For all it seems, private sector wages are flexible. They are not fully flexible, but they do exhibit a high level of flexibility. Similar outcomes have been observed in other countries. Scott Sumner has a reply to this issue, partially inspired from Krugman. Yet I am not convinced because there is no breakup of public and private sector employment.
I would not be surprised to find that there is little or no downward flexibility in wages for public sector employment. The reason for this is that public sector employment have a greater level of employment security. This was lobbied for by public sector unions, who by virtue of being the sole providers of public services, managed to coerce politicians into not only granting them employment security but also a wage premium (all things being equal).

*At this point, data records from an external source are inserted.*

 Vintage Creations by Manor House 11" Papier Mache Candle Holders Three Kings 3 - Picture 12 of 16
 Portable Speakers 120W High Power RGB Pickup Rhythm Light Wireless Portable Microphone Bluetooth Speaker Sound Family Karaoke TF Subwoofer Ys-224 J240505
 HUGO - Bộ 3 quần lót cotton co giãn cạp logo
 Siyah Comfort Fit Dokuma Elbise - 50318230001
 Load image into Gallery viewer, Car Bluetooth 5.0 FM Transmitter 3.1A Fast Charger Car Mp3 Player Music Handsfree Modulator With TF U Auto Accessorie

For example, the Fraser Institute institutes argues that the wage premium in the public sector is 12% in Canada. If public sector employment is 25%, this represents a 3% tax on the economy as a whole. In a recession, the premium stays stable. However, since private sector payrolls increase and profits collapse , the relative weight of the tax increases because the public sector is not affected by the downturn. Hence, wages for public sector employees, which in countries like Canada represent a large chunk of total employment, are probably creating a high level of rigidity. The costs of rigidity and the wage premium (slower adjustments to changes in aggregate supply or aggregate demand and distorted relative prices) are assumed by the private sector. The benefits go to the sizeable minority of publicly employed individuals. The costs, dispersed over a large population, are mininal on a per capita basis, but the distribution of welfare from this incites public sector unions to lobby and demand such rigidity. I believe there is a public choice argument to make about macroeconomics and wage rigidity – which I have yet to find in the literature.

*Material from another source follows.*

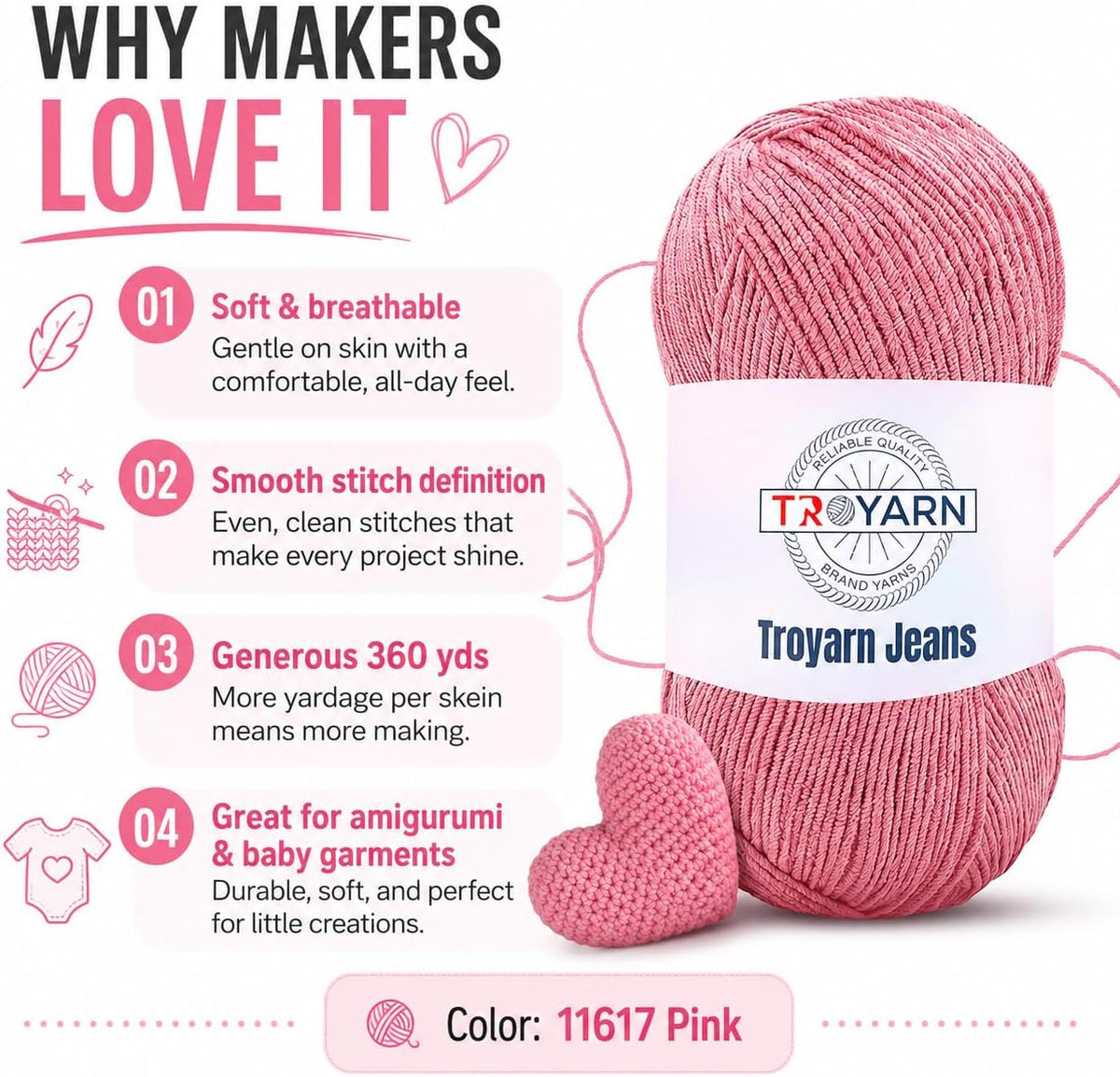 60% Cotton 40% Acrylic Crochet Yarn - Soft Fine/Sport Yarn - Pink - Ideal for Amigurumi Dolls and Baby Garments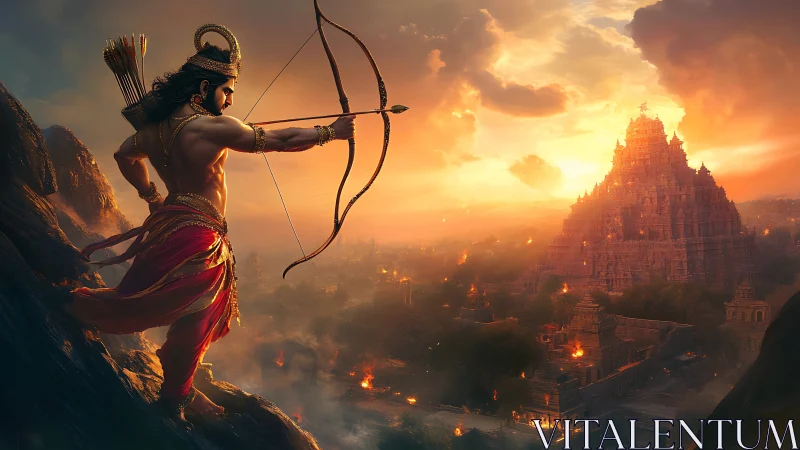 Warrior archer aims bow toward fortified temple city at dusk.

This leads to a possible suggestion: when public sector employment is beyond the optimal point (where labour could be employed more productively elsewhere with or without a wage premium), public sector payrolls may contribute to prolong the recession. This would have the effect of working against any monetary policy designed to countermand any shocks on money velocity, hence “fiscal policy” (government spending) is conflicting with “monetary policy” that would aim to expand aggregate demand.